(Collection entries)

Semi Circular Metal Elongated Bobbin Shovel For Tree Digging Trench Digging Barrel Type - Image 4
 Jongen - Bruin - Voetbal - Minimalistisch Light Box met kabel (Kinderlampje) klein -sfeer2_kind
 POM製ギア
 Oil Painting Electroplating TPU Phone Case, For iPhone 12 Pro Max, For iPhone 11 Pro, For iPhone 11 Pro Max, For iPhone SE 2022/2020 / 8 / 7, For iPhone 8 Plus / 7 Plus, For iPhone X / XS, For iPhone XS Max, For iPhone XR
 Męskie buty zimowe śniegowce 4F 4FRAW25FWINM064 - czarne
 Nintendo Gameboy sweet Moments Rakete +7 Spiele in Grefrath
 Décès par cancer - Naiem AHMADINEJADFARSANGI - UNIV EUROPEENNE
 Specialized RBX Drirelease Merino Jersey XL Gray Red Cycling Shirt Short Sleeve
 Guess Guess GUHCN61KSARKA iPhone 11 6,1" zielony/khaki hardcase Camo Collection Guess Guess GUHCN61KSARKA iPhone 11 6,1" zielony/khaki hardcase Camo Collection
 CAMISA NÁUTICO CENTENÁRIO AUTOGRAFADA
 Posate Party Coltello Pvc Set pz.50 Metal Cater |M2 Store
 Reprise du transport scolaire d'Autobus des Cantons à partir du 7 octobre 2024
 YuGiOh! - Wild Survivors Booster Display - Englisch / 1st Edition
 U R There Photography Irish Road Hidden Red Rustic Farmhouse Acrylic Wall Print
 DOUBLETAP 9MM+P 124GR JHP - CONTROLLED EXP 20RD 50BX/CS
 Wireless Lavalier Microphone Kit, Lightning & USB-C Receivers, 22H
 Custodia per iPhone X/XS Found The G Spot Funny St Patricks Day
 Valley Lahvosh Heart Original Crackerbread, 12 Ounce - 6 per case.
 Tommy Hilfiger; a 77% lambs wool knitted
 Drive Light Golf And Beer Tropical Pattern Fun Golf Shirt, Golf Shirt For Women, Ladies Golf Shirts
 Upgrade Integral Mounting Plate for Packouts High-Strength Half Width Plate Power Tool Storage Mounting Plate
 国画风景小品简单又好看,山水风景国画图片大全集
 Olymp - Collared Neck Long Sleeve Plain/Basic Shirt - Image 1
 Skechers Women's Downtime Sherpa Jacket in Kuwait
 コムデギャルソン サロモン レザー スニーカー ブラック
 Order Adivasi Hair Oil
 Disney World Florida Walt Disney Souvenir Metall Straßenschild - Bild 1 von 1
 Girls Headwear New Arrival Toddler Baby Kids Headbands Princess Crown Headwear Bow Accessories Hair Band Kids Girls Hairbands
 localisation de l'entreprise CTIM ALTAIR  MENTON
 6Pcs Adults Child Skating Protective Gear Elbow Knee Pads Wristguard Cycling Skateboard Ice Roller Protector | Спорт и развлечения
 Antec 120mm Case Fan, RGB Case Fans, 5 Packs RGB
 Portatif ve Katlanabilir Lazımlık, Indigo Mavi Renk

> _How to complete this task_:
Show every line in the entries above that contains the string "Women".

> _Solution to the exercise_:
 Drive Light Golf And Beer Tropical Pattern Fun Golf Shirt, Golf Shirt For Women, Ladies Golf Shirts
 Skechers Women's Downtime Sherpa Jacket in Kuwait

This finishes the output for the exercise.